In terms of marquee value, “Song for Marion” doesn’t seem like much of a draw. However much we love Vanessa Redgrave and Terence Stamp — and, to a somewhat lesser extent, Gemma Arterton — they won’t have punters queuing around the block, while talented British director Paul Andrew Williams hasn’t only established a quiet name for himself in his home country. (His microbudget 2006 debut, “London to Brighton,” was exhilarating, and netted him a BAFTA nod among other accolades, but his genre-flavored follow-ups “The Cottage” and “Cherry Tree Lane” didn’t deliver on his promise.)
But something tells me both Toronto and the Weinsteins might be onto something. The potentially sentimental premise of “Song for Marion” — a curmudgeonly pensioner joins his wife’s “unconventional” church choir (I have a feeling the photo above could be a clue) after she becomes terminally ill — doesn’t suggest a surefire critical hit. It could, however, portend an audience favorite, particularly in a year where geriatric-focused cinema has belied the industry’s usual focus on youth.
“The Best Exotic Marigold Hotel,” with its crowded ensemble of British veterans, has been nothing short of a box office phenomenon: it’s currently the ninth-highest grosser of the year at home, and has taken an impressive $45 million across the pound, proving the ticket-buying power of the under-served over-50 audience. At the other end of the artistic scale, Michael Haneke’s Palme d’Or winner “Amour,” which focuses almost exclusively on the marriage of two octogenarians, is perhaps the most unanimously acclaimed film of the year.

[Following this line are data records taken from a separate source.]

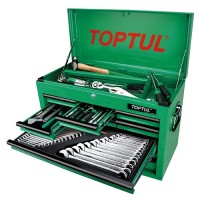 Купити набір інструментів TOPTUL GCBZ186A  за ціною від 41978 грн.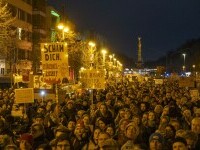 Mobilizare uriaşă în Germania împotriva extremei drepte, cu trei săptămâni înainte de alegerile parlamentare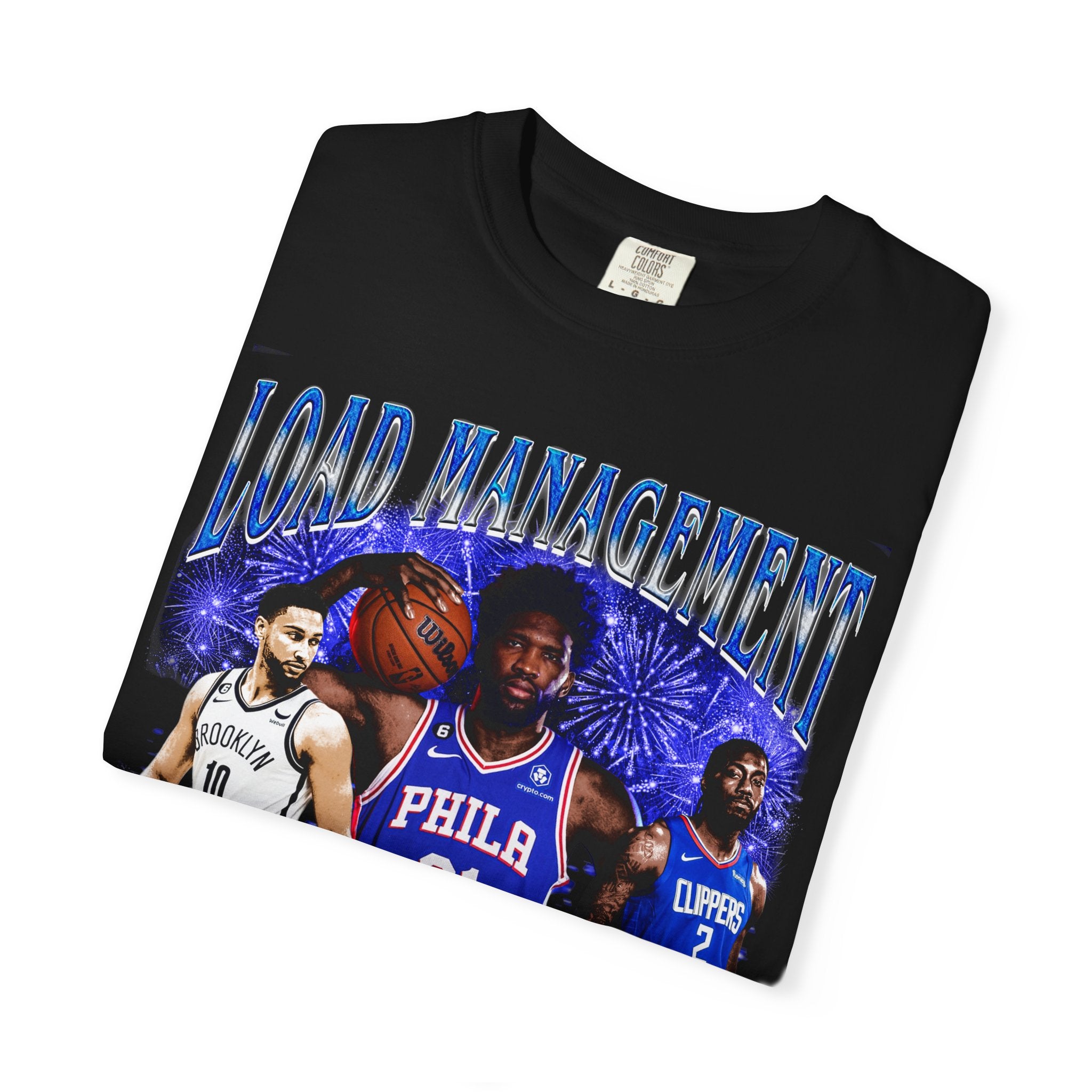 Load Management Enthusiast T-Shirt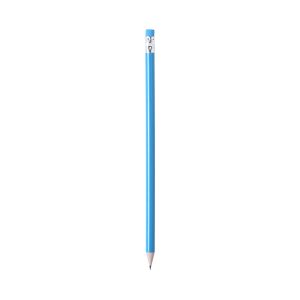 Lápis Melart cor azul turquesa Lápis Melart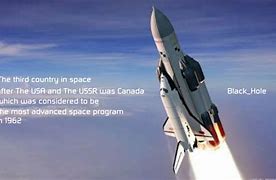 Image result for Canadian Space Program Funny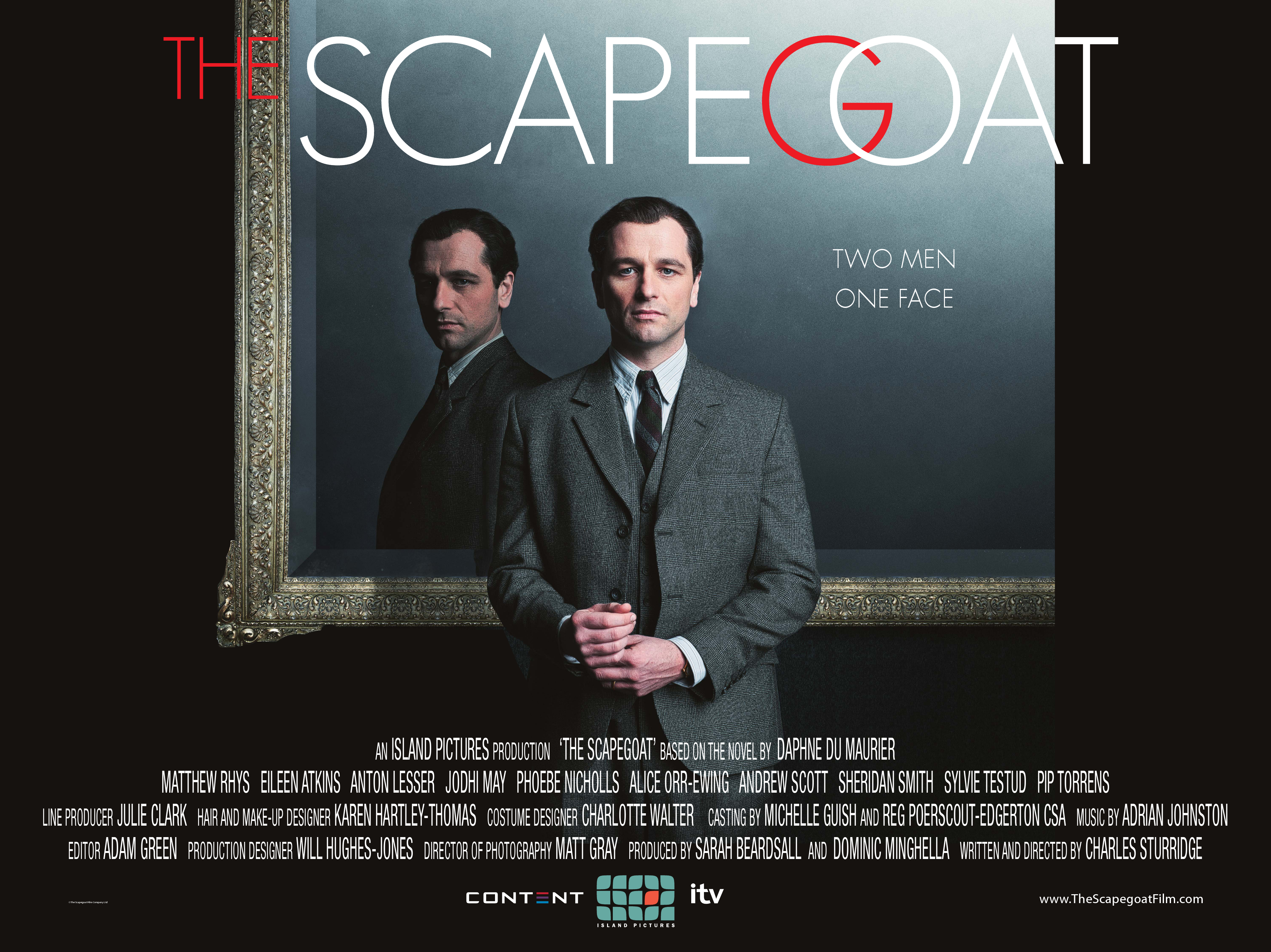 Scapegoat Poster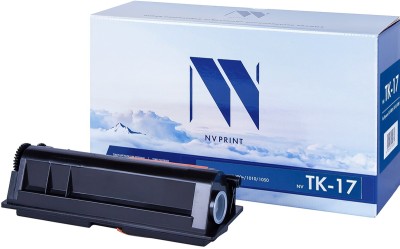 Картридж NVP совместимый Kyocera TK-17 для FS 1000/1010/1050 (6000k)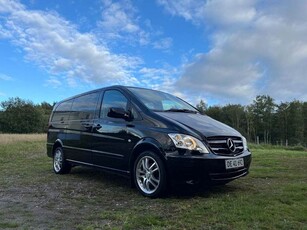 Mercedes Vito 113 2,2 CDi Kombi L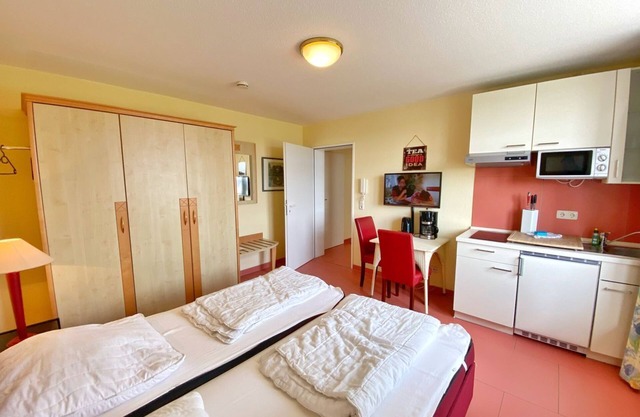 Apartment 307 - Rondell an der Jasmundtherme - Neddesitz an der Jasmundperle/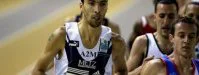 Athlé - ChE (Salle) : L'argent pour Tahri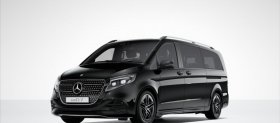 Mercedes-Benz Třídy V 2,0 300 d / Exclusive / XL / 4M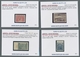Delcampe - Armenien: 1922/1923, Overprints, Lot Of Apprx. 70 Stamps Incl. Blocks Of Four And Double Surcharges, - Armenien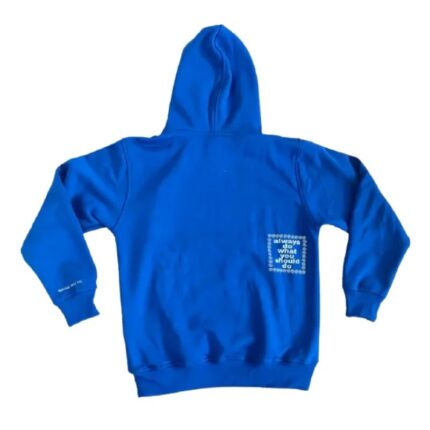 Adwysd Royal Blue Surf Hoodie (1)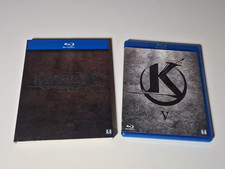 Blu-ray " Kaamelott Livre V "
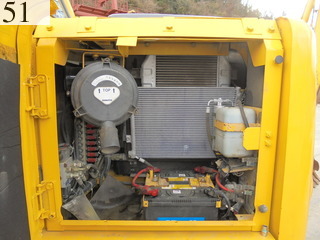 中古建設機械 中古 コマツ KOMATSU 林業機械 プロセッサー PC120-6E0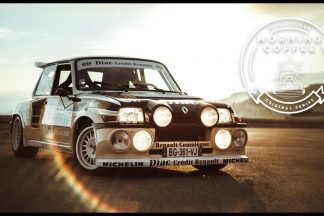 Vídeo: disfruta de un Renault 5 Turbo II por un puerto de montaña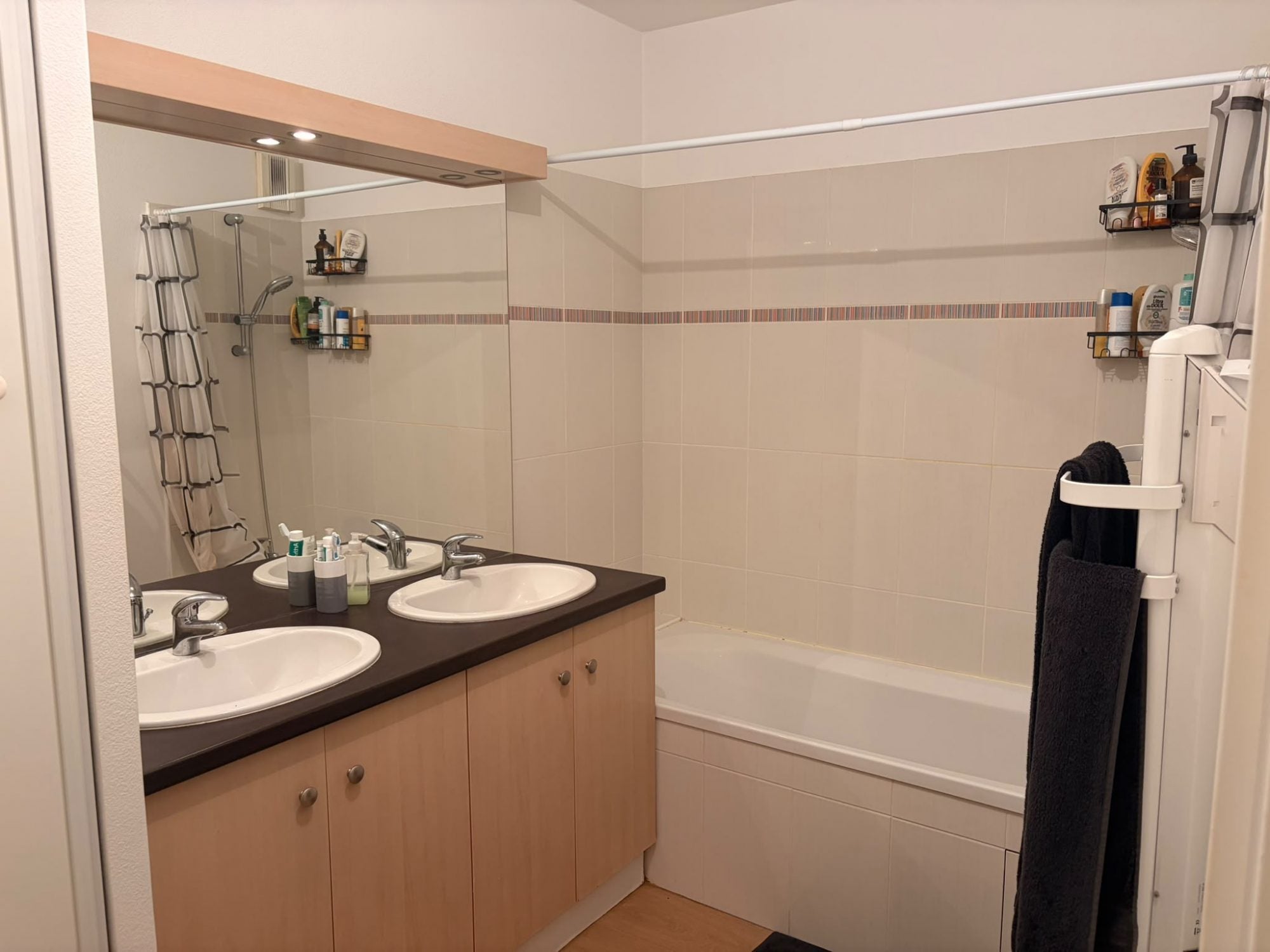 Appartement Rue du Général de Larminat à Bordeaux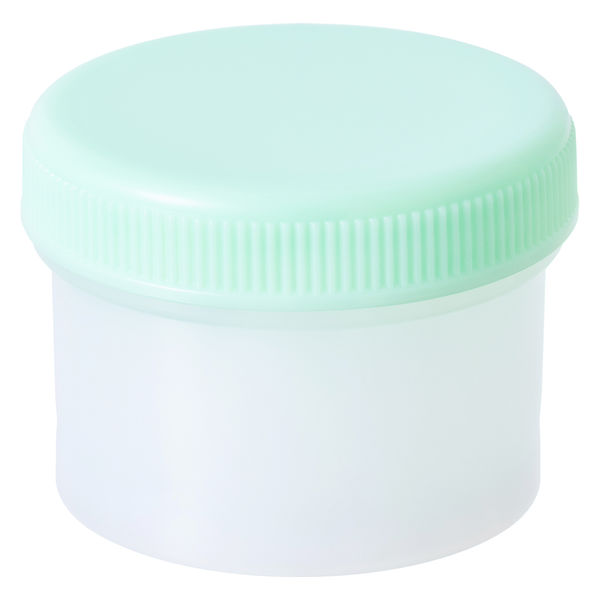 軟膏容器 軟膏壺（つぼ ツボ） 丸底 増量タイプ12mL（10ｇ処方時使用サイズ） グリーン（緑） 6袋（25個入×6 150個） オリジナル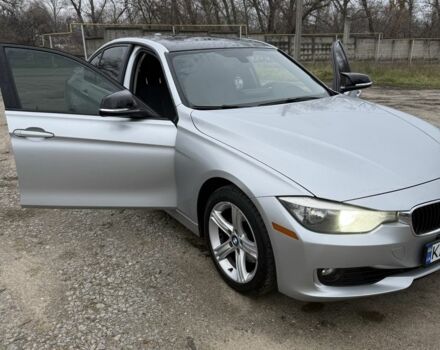 Серый БМВ 3 Серия, объемом двигателя 2 л и пробегом 190 тыс. км за 9800 $, фото 2 на Automoto.ua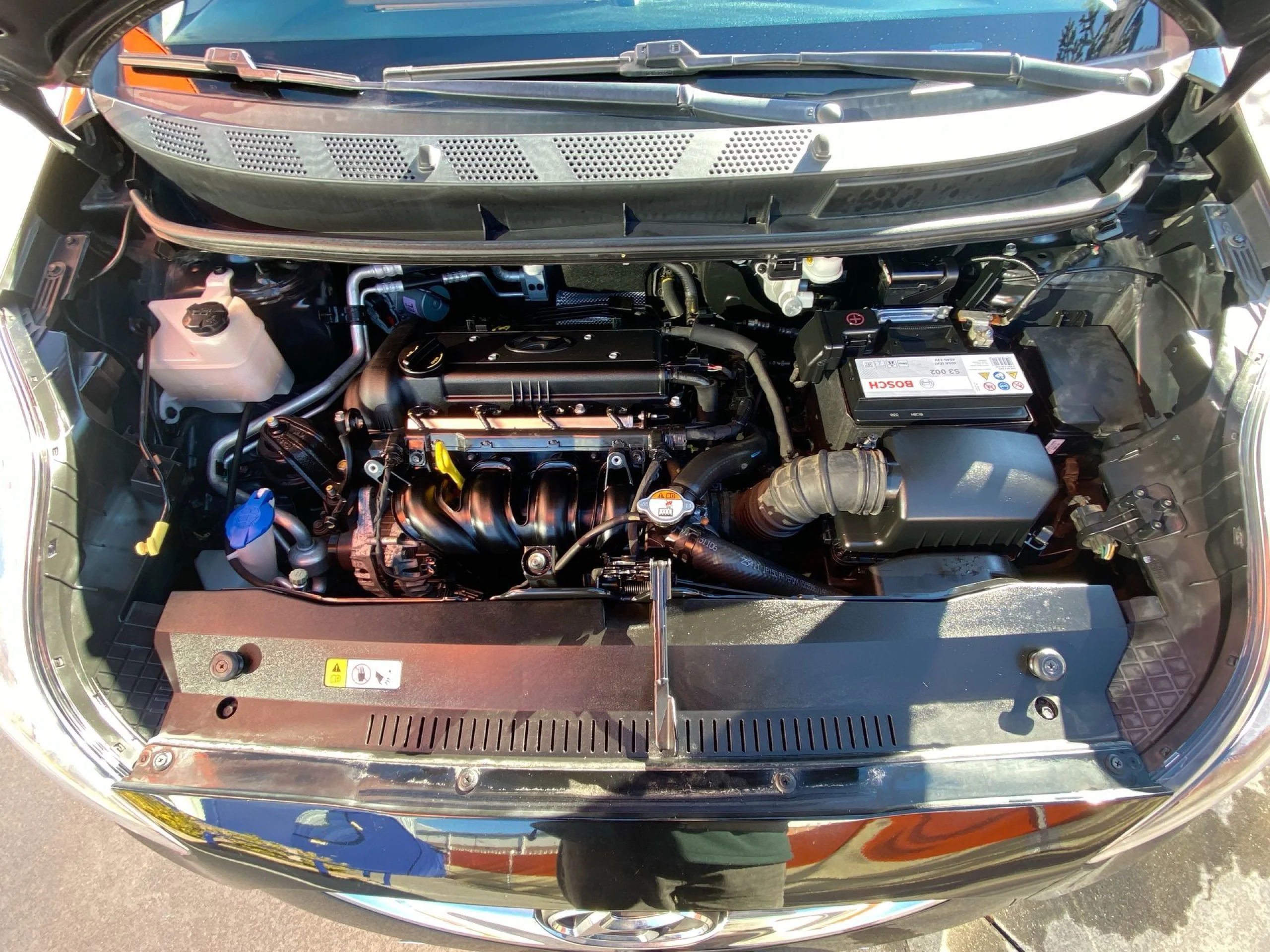 Hyundai Ix20 1.4 MPI Klass 66 kW (90 CV) - Foto 20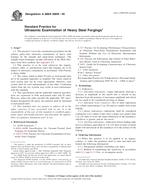 ASTM A388/A388M-05 ASTM A388/A388M-05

Count on both receiving some kind of awards push at the end of the year, with Clint Eastwood in “Trouble With the Curve,” sixtysomething summer surprise “Hope Springs” and Dustin Hoffman’s Toronto-bound “Quartet” — another elderly ensemble piece, led by Maggie Smith — potentially set to join them. The advanced average age of Academy voters comes up for discussion every season: this year, they’ll have a lot to choose from that caters directly to their demographic.
With no reviews to go on, we can only guess whether or not “Song for Marion” will prove sufficiently sparky, or too modest, to catch on outside the festival circuit. Nathaniel Rogers has cannily had Vanessa Redgrave on his Best Supporting Actress roster from the get-go, before the film was on my or most people’s radar: it certainly sounds an awards-friendly role, particularly with the Weinsteins behind her. Then again, that supposed Weinstein muscle somehow couldn’t engineer any kind of awards traction for her monumental turn in “Coriolanus” last year, and I’ll eat my tweed flatcap if this performance tops that one. This sweeter proposition could catch more flies of the talk out of Toronto is good — first, however, it needs people to stick around to see it.